As far as I understand, your modeling program was not able to produce triples?


Thanks,
Mathias


I'll try.... I wanted to reproduce the basic geometry of your stellate twins, to make sure I understood the relationship between the individuals that make up the twin. The twin law from the literature, {320}, was supposed to produce the same geometry as your photo showed.

The numbers in brackets are Miller indices, which quantitatively describe the relationship between the twin plane and the unit cell. Too much to describe here in detail, but Wikipedia has a good description.

My program uses the unit cell constants, and Miller indices that describe the orientations of crystal faces relative to the unit cell, and computes the resulting crystal shape in a 3-D framework. From there it can be viewed and further explored in a large number of different ways (on a 2-D monitor, of course). Modeling of twinning is one of the standard analyses that is supported.

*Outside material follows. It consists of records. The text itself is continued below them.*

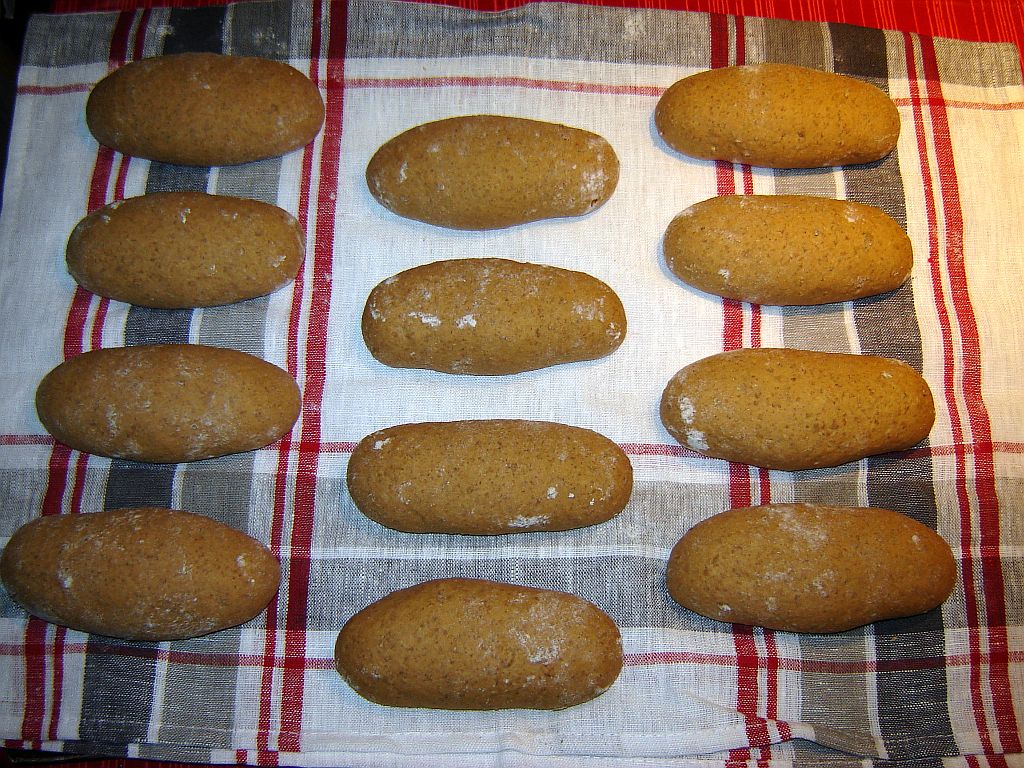 Versuchsbacken_Roggenvollkornbrötchen08.jpg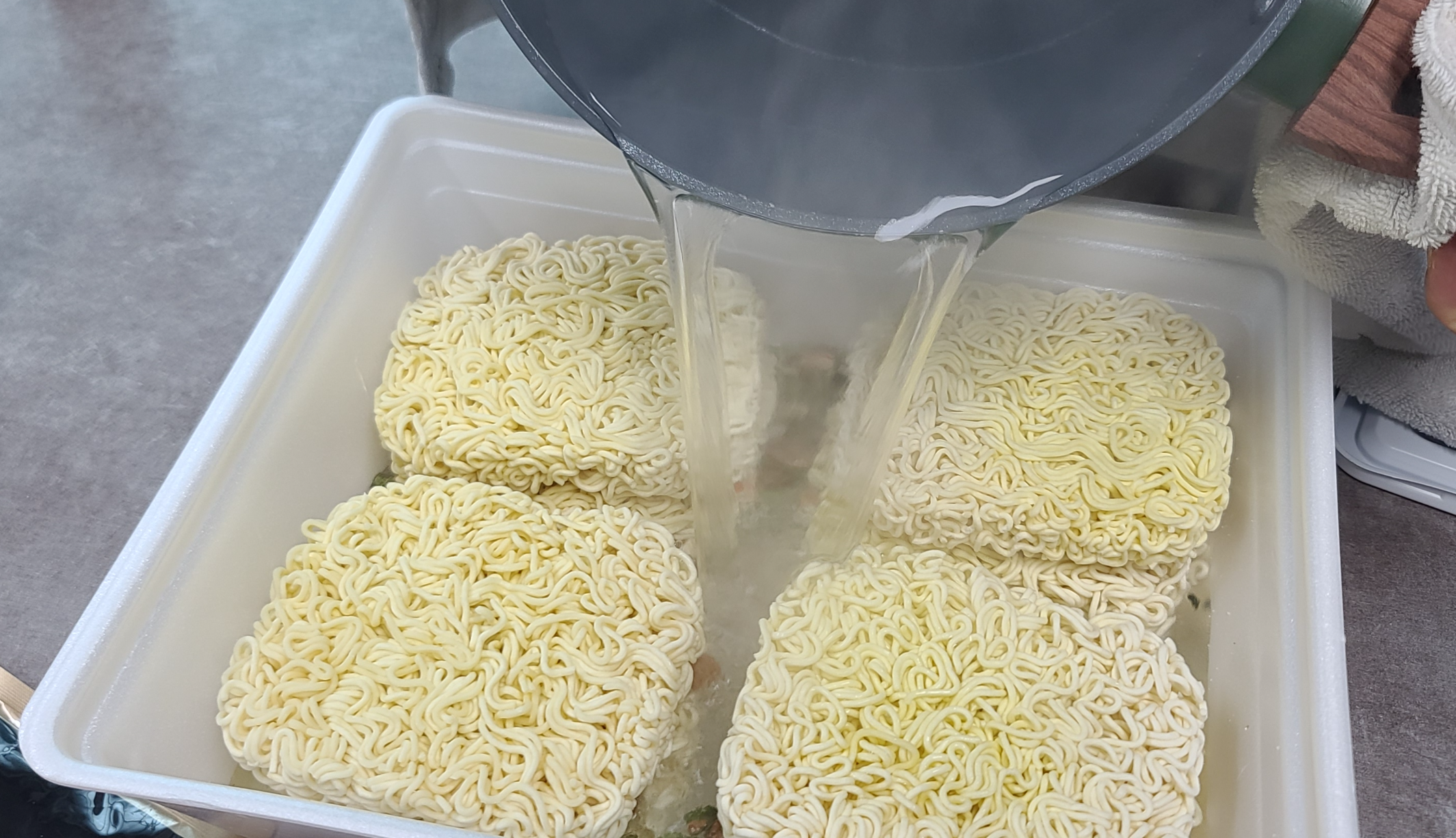 공간춘 쟁반짬짜면 공화춘짜장 간짬뽕 조리방법 내용물 구성품 조리시작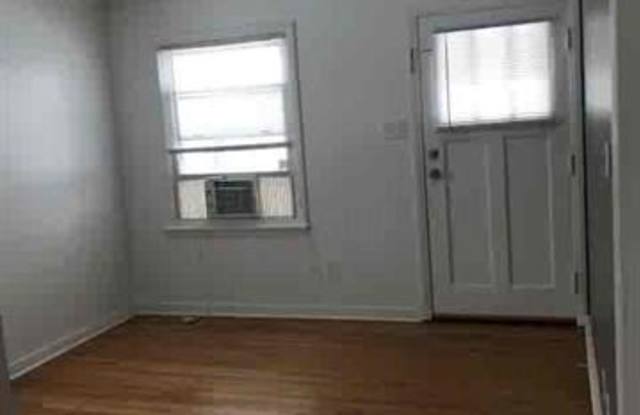 2079 PRINCETON Street E Gallery 4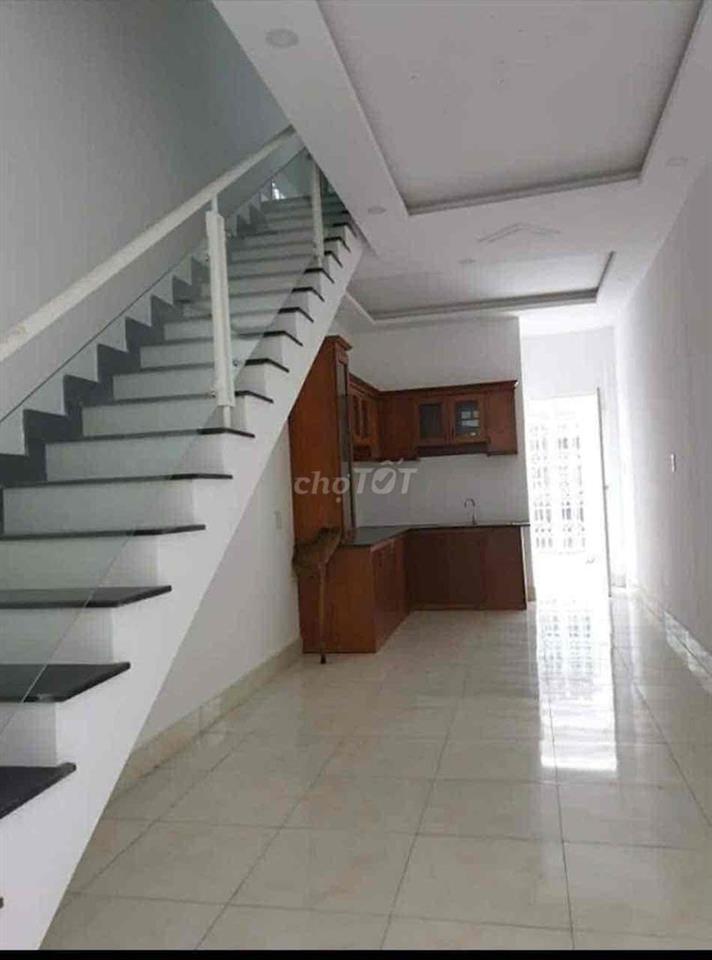 nhà sát trường cấp 2 tô ngọc vân ngay Cầu Ông Đụng Ngã Tư Ga Q12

The fact that my program drew something different from your twins showed that something was wrong with the twin law, and in fact what I found was that the unit cell had been redefined (presumably as a result of x-ray structural analysis) but the twin law had not been changed accordingly.

So what started out as an exercise to confirm the twin law turned into a discovery that it is wrong, as listed in current literature, and the proper twin law is {230} instead. This seems worth reporting, even if only a handful of readers of this forum may need the information!

I'm not sure this is any clearer than my original post, but it is as clear as I know how to be without writing a multi-page treatise!

By the way, my program has no problem computing and drawing triplets (trillings).